Part A -
Problem 1 -
Compute the following convolutions - Since we have unit step functions available to express functions that are 0 for t < 0, you should be able to easily express your answers for parts (a) and (b) a single line, without a giant "conditional statement". Part (c) has three regions; you should still be able to express your answer in one line by employing a difference of unit step functions.
(a) exp(-2t)u(t) * exp(-4t)u(t)
(b) exp(-2t)u(t) * exp(-2t)u(t)
(c) [u(t) - u(t-2π)] sin(t)u(t)
Problem 2 -
For each pair of signals on the left, select the signal on the right that is the convolution of the two signals. Not all of the signals on the right will be used, and some may be used more than once.
Part B -
Problem 1 -
Now that you're getting the hang on an amazing property of transmission lines with sinusoidal signals, we will explore another method of matching called series-stub matching. Consider the below diagram. A 40 Ω transmission line must be matched to an antenna. The antenna is characterized by a 50 Ω resistor in series with a 10/(3π) pF capacitor. The antenna is connected to a feeder transmission line that has impedance of 100 Ω and is exactly one-quarter wavelength long. To match that antenna and feeder line to the 40 Ω power transmission line and eliminate reflections, you connect a series transmission line at the end of the quarter-wave segment. This stub is shorted at the end.

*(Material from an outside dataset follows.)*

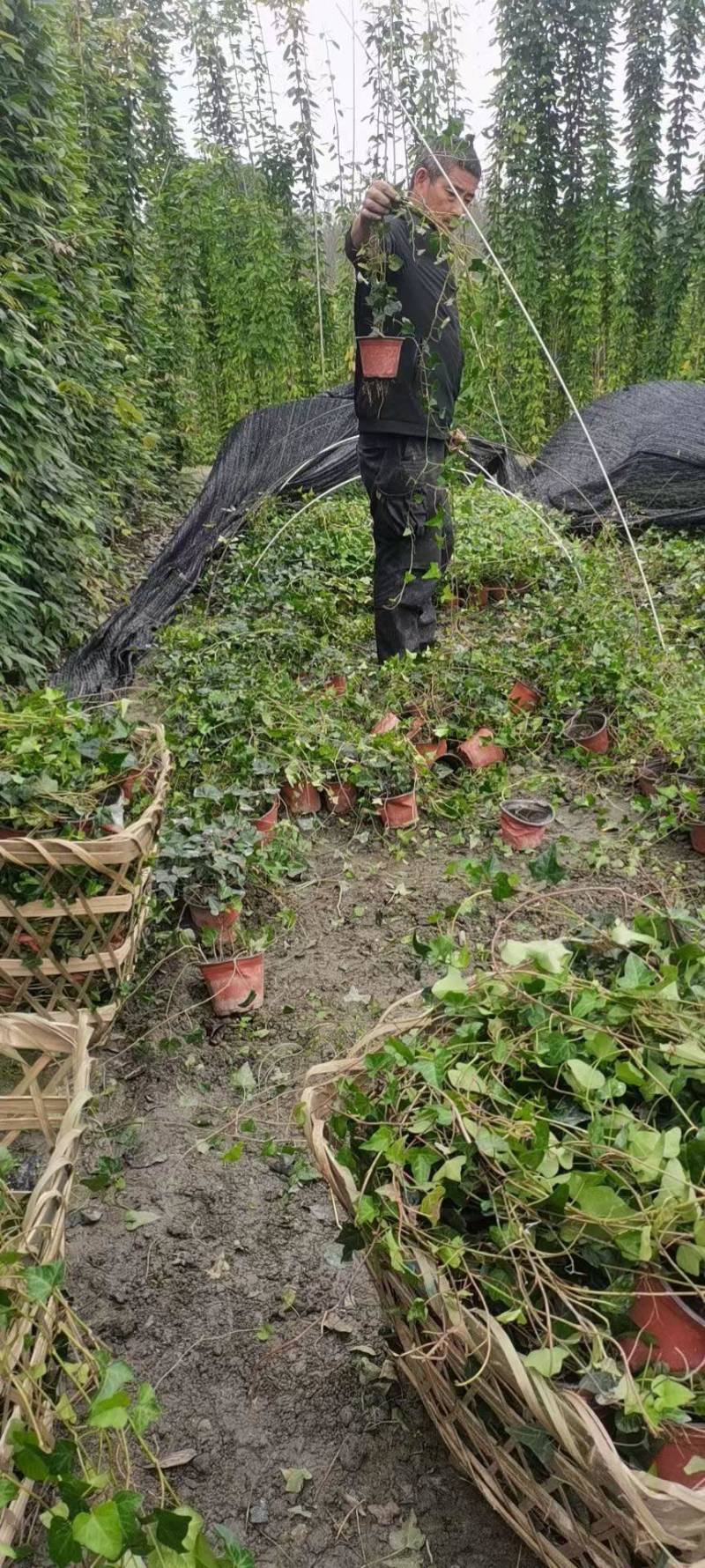 爬山虎，大量出售各规格，量大从优，欢迎大家前来选购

a. What is the smallest length Lstub that produces a perfect match, meaning that any voltage from the generator (the generator is off the left edge of the diagram) does not return to the generator? Your answer should be as a fraction of a wavelength.
b. You designed this circuit for a 3 GHz wi-fi transceiver. What is the voltage standing wave ratio at 3 GHz on the input section of the transmission line (that's the section leading to the generator)?
c. The circuit has been built and is sitting on your lab bench. But your annoying professor just decided to switch to a different frequency, and wants to try out 2 GHz. Since you've taken 3025 and remember a really fun homework assignment, you know that series-stud matching only works at one frequency, so you need to calculate how well it will match at this new frequency. What is the VSWR if you use the same circuit board you've built, but inject 2 GHz instead?
d. This is not part of the homework, but some food for thought: What do you think determines the "bandwidth", i.e. how quickly or slowly the quality of the match falls off as you move away from 3 GHz? Can you think of any ways to either increase or decrease the bandwidth?
Problem 2 -
So you build the circuit in part 1(b). But everything in your design assumed that the transmission line would be lossless. But you've taken 3025 and remember a really fun homework assignment, so you know that board fabrication is never precisely what you designed, anyways. So you decide to take some high frequency measurements and find the following transmission line parameters at 3 GHL: L = 10.1 nH/cm, C = 1.1 pF/cm
a. What is the characteristic impedance?
b. You then realize that you should also measure the losses, too. So with additional high frequency measurements, you calculate that G = 0.014 5/cm, R = 143.5 Ω /cm. What is the characteristic impedance including the losses?
c. What is the propagation constant y?
d. For a transmission line 10 cm long, how much will a 1 V signal attenuate?